Now, there are three other problems I could readily identify with printStrands. First, it calls size on seqs, which will cause the whole Stream to be processed, losing lazyness. Never call size on a Stream. Second, you call apply on seqse, accessing it by index. Never call apply on a Stream (or List) -- that's highly inefficient. It's O(n), which makes your inner loop O(n^2) -- yes, quadratic on the number of headers in the input file! Finally, printStrands keeps a reference to seqs throughout the execution of printStrand, preventing processing elements from being garbage collected.
So, here's a first approximation:
def inputStreams(fileName: String): (Stream[String], Stream[String]) = {
val in = (io.Source fromFile fileName).getLines.toStream
val SeqPatt = "^[^>]".r
def demultiplex(s: Stream[String], skip: Boolean): Stream[String] = {
if (s.isEmpty) Stream.empty
else if (skip) demultiplex(s.tail dropWhile (SeqPatt findFirstIn _ nonEmpty), skip = false)
else s.head #:: (s.tail takeWhile (SeqPatt findFirstIn _ nonEmpty)) #::: demultiplex(s.tail dropWhile (SeqPatt findFirstIn _ nonEmpty), skip = true)
}
(demultiplex(in, skip = false), demultiplex(in, skip = true))
}
The problem with the above, and I'm showing that code just to further guide in the issues of lazyness, is that the instant you do this:
val (a, b) = inputStreams(fileName)
You'll keep a reference to the head of both streams, which prevents garbage collecting them. You can't keep a reference to them, so you have to consume them as soon as you get them, without ever storing them in a "val" or "lazy val". A "var" might do, but it would be tricky to handle. So let's try this instead:
def inputStreams(fileName: String): Vector[Stream[String]] = {
val in = (io.Source fromFile fileName).getLines.toStream
val SeqPatt = "^[^>]".r
def demultiplex(s: Stream[String], skip: Boolean): Stream[String] = {
if (s.isEmpty) Stream.empty
else if (skip) demultiplex(s.tail dropWhile (SeqPatt findFirstIn _ nonEmpty), skip = false)

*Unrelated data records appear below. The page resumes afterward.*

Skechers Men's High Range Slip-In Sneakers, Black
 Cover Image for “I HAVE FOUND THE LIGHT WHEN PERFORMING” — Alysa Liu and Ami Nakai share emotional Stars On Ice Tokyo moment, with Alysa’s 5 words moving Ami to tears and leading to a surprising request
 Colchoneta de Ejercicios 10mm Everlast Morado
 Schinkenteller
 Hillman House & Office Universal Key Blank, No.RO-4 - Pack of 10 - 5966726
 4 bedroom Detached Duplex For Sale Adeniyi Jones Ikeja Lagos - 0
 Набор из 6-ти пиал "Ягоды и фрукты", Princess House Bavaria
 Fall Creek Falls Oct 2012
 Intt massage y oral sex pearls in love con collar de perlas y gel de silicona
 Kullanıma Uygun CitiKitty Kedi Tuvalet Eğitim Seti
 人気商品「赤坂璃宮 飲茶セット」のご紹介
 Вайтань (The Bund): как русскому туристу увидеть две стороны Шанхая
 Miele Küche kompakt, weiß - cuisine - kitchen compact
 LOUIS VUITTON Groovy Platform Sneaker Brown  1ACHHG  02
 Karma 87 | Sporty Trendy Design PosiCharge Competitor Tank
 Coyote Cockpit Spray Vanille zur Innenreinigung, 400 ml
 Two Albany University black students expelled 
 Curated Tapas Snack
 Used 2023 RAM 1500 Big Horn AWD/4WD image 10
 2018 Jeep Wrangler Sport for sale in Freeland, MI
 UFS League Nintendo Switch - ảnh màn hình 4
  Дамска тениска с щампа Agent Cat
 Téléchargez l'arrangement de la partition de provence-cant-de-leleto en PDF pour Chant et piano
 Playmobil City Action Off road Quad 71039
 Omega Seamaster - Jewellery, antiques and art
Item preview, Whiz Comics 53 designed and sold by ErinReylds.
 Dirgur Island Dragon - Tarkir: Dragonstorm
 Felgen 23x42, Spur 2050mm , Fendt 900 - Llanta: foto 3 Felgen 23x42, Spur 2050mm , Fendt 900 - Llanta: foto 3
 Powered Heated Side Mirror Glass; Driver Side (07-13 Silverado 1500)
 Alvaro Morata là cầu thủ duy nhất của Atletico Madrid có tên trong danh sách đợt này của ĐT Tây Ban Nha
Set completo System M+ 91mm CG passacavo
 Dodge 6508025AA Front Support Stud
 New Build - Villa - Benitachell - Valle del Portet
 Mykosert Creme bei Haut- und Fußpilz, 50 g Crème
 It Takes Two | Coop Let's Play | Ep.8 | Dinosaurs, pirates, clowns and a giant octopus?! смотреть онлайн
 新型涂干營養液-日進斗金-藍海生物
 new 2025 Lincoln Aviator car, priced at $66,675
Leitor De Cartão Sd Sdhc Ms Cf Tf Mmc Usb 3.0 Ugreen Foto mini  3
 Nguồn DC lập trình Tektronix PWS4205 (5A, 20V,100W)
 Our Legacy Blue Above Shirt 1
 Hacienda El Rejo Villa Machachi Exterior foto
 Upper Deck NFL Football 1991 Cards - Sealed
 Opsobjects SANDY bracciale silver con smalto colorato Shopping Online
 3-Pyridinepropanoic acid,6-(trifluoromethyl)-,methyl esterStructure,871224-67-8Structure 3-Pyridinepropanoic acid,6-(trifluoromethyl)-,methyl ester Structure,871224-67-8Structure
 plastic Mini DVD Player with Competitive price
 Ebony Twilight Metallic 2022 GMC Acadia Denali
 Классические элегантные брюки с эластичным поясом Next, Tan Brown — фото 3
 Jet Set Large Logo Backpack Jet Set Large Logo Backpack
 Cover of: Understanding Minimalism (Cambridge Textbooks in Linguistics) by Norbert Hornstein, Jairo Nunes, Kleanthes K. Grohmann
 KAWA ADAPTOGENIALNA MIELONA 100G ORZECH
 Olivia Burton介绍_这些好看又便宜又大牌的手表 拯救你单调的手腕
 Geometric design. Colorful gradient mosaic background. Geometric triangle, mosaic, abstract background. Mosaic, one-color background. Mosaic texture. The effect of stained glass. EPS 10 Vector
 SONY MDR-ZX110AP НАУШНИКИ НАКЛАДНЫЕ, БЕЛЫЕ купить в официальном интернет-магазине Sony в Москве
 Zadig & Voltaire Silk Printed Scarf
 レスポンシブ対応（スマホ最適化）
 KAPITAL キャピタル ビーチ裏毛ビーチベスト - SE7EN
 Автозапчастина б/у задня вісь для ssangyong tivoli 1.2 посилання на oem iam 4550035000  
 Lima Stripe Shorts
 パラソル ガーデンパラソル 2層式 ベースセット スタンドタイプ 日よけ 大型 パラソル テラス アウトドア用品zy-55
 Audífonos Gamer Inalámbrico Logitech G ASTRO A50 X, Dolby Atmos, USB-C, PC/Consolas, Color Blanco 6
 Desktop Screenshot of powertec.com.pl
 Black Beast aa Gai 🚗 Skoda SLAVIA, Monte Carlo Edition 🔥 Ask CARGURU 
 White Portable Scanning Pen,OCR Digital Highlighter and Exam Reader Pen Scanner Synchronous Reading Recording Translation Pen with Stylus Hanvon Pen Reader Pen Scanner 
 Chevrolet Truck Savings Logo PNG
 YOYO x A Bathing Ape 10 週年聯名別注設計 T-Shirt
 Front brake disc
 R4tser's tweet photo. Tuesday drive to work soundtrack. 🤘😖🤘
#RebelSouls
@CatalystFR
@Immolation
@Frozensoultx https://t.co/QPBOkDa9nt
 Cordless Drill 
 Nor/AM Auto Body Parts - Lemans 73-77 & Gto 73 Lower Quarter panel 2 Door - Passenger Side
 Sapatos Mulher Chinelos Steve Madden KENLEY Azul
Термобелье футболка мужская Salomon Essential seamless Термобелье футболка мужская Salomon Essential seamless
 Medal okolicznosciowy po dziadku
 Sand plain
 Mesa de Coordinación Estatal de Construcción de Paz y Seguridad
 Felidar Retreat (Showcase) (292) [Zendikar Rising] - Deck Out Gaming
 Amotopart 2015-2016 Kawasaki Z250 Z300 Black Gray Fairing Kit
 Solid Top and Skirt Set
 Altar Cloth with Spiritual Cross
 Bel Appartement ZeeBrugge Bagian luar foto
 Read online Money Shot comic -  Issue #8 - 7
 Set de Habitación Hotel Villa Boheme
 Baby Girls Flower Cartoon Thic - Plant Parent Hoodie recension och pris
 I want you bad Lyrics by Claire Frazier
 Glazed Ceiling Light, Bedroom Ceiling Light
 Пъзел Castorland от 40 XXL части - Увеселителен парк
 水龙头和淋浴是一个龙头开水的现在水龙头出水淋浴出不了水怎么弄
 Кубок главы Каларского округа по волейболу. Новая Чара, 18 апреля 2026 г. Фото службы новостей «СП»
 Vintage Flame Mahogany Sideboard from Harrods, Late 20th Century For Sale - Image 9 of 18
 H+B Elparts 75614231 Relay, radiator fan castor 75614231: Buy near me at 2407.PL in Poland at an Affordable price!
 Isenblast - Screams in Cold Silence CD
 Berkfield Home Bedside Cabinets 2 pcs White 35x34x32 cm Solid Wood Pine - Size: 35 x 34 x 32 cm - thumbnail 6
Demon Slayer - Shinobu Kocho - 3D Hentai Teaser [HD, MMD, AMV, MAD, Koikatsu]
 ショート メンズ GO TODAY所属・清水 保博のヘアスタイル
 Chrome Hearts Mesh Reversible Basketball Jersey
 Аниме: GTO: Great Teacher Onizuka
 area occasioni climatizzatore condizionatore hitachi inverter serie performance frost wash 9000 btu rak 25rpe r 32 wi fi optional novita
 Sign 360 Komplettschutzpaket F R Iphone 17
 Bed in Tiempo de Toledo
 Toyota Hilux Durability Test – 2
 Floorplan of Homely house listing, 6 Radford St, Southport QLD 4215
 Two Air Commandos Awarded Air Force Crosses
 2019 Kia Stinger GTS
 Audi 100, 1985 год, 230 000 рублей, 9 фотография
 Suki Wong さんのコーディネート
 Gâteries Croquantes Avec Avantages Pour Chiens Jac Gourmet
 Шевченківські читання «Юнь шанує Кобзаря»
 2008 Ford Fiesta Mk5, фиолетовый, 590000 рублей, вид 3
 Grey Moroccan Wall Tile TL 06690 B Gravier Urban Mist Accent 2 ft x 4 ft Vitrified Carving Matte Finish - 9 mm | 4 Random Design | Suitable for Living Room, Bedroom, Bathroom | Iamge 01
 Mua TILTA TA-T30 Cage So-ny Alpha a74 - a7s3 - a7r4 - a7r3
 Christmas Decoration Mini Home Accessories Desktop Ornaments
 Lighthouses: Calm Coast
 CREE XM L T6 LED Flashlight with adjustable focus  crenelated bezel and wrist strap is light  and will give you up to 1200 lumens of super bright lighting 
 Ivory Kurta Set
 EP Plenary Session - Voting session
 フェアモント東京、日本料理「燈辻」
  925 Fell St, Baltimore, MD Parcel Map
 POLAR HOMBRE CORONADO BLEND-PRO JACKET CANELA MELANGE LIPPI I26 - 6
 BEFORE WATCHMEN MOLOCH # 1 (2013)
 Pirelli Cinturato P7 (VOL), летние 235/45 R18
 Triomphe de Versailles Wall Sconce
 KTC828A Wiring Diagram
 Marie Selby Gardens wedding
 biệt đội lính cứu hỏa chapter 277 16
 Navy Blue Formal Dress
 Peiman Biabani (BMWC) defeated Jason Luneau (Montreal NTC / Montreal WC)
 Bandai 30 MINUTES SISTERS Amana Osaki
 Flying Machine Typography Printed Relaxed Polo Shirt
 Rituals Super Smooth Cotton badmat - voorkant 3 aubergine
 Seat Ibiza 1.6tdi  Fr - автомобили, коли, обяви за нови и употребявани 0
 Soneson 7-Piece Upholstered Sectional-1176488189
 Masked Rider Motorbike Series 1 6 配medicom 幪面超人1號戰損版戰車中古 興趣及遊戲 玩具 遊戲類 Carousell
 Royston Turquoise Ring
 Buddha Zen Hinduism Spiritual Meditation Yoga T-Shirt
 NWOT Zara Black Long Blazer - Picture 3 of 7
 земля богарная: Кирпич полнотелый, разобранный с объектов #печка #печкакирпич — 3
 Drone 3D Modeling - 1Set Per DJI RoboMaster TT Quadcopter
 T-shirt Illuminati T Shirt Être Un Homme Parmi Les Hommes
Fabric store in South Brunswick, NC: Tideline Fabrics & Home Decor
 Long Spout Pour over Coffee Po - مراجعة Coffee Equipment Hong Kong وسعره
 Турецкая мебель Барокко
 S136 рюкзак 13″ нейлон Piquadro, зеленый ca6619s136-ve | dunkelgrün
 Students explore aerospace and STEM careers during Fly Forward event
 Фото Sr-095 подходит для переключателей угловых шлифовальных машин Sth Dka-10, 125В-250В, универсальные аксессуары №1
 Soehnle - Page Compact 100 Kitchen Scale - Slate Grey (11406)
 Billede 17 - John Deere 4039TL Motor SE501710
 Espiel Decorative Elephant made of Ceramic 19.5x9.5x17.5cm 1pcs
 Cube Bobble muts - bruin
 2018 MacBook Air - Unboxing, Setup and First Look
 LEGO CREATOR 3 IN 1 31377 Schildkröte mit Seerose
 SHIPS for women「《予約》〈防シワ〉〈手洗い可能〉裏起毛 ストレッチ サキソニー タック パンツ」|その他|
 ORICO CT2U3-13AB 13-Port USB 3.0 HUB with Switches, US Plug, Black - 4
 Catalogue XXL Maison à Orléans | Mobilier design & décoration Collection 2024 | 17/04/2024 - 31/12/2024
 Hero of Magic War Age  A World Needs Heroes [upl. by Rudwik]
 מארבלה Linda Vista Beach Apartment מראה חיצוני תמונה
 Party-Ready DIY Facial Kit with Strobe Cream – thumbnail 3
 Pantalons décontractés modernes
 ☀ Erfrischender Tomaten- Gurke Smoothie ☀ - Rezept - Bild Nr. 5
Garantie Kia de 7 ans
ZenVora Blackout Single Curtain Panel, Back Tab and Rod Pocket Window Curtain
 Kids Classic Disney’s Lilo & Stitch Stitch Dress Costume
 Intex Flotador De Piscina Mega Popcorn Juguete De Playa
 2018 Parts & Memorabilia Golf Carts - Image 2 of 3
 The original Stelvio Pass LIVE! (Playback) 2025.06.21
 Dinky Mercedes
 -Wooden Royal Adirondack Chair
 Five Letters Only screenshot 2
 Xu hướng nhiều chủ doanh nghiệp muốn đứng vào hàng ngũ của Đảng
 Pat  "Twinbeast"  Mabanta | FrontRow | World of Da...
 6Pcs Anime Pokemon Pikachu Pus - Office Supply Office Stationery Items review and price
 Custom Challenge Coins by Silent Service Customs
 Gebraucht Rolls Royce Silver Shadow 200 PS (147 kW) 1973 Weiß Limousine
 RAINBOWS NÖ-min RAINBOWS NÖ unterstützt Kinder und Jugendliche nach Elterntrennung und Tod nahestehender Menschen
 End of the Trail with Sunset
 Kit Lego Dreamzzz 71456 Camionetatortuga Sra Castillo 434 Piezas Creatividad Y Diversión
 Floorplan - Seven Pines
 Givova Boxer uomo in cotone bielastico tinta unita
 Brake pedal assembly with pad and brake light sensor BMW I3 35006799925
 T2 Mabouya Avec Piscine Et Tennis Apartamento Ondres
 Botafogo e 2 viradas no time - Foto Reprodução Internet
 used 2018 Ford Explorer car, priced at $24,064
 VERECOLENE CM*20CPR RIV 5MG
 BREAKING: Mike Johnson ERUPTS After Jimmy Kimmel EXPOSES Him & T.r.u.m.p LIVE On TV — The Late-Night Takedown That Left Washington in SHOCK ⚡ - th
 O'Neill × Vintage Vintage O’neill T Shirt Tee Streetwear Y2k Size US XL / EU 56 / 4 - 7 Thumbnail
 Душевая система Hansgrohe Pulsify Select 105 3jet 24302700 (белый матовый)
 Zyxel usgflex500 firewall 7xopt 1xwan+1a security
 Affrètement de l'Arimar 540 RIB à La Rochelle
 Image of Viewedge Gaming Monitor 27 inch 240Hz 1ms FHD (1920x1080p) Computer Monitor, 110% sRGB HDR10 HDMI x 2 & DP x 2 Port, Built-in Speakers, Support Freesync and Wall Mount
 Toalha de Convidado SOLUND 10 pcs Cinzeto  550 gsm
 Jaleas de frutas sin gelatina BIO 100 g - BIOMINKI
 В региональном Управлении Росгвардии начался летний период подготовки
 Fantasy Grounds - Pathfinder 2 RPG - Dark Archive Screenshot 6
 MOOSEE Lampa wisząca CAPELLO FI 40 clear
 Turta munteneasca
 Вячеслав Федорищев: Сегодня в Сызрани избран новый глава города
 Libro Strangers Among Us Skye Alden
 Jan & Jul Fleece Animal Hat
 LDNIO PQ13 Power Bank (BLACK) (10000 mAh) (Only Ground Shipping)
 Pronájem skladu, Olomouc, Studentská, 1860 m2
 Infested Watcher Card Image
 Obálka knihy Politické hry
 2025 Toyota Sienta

else s.head #:: (s.tail takeWhile (SeqPatt findFirstIn _ nonEmpty)) #::: demultiplex(s.tail dropWhile (SeqPatt findFirstIn _ nonEmpty), skip = true)
}
Vector(demultiplex(in, skip = false), demultiplex(in, skip = true))
}
inputStreams(fileName).zipWithIndex.par.foreach {
case (stream, strand) =>
val p = new PrintWriter(new File("FASTA" + "." + strand))
stream foreach p.println
p.close
}
That still doesn't work, because stream inside inputStreams works as a reference, keeping the whole stream in memory even while they are printed.
So, having failed again, what do I recommend? Keep it simple.
def in = (scala.io.Source fromFile fileName).getLines.toStream
def inputStream(in: Stream[String], strand: Int = 1): Stream[(String, Int)] = {
if (in.isEmpty) Stream.empty
else if (in.head startsWith ">") (in.head, 1 - strand) #:: inputStream(in.tail, 1 - strand)
else (in.head, strand) #:: inputStream(in.tail, strand)
}
val printers = Array.tabulate(2)(i => new PrintWriter(new File("FASTA" + "." + i)))
inputStream(in) foreach {
case (line, strand) => printers(strand) println line
}
printers foreach (_.close)
Now this won't keep anymore in memory than necessary. I still think it's too complex, however. This can be done more easily like this:
def in = (scala.io.Source fromFile fileName).getLines
val printers = Array.tabulate(2)(i => new PrintWriter(new File("FASTA" + "." + i)))
def printStrands(in: Iterator[String], strand: Int = 1) {
if (in.hasNext) {
val next = in.next
if (next startsWith ">") {
printers(1 - strand).println(next)
printStrands(in, 1 - strand)
} else {
printers(strand).println(next)
printStrands(in, strand)
}
}
}
printStrands(in)
printers foreach (_.close)
Or just use a while loop instead of recursion.
Now, to the other questions:
B) It might make sense to do so while reading it, so that you do not have to keep two copies of the data: the Map and a Seq.
C) Don't reverse a Stream -- you'll lose all of its laziness.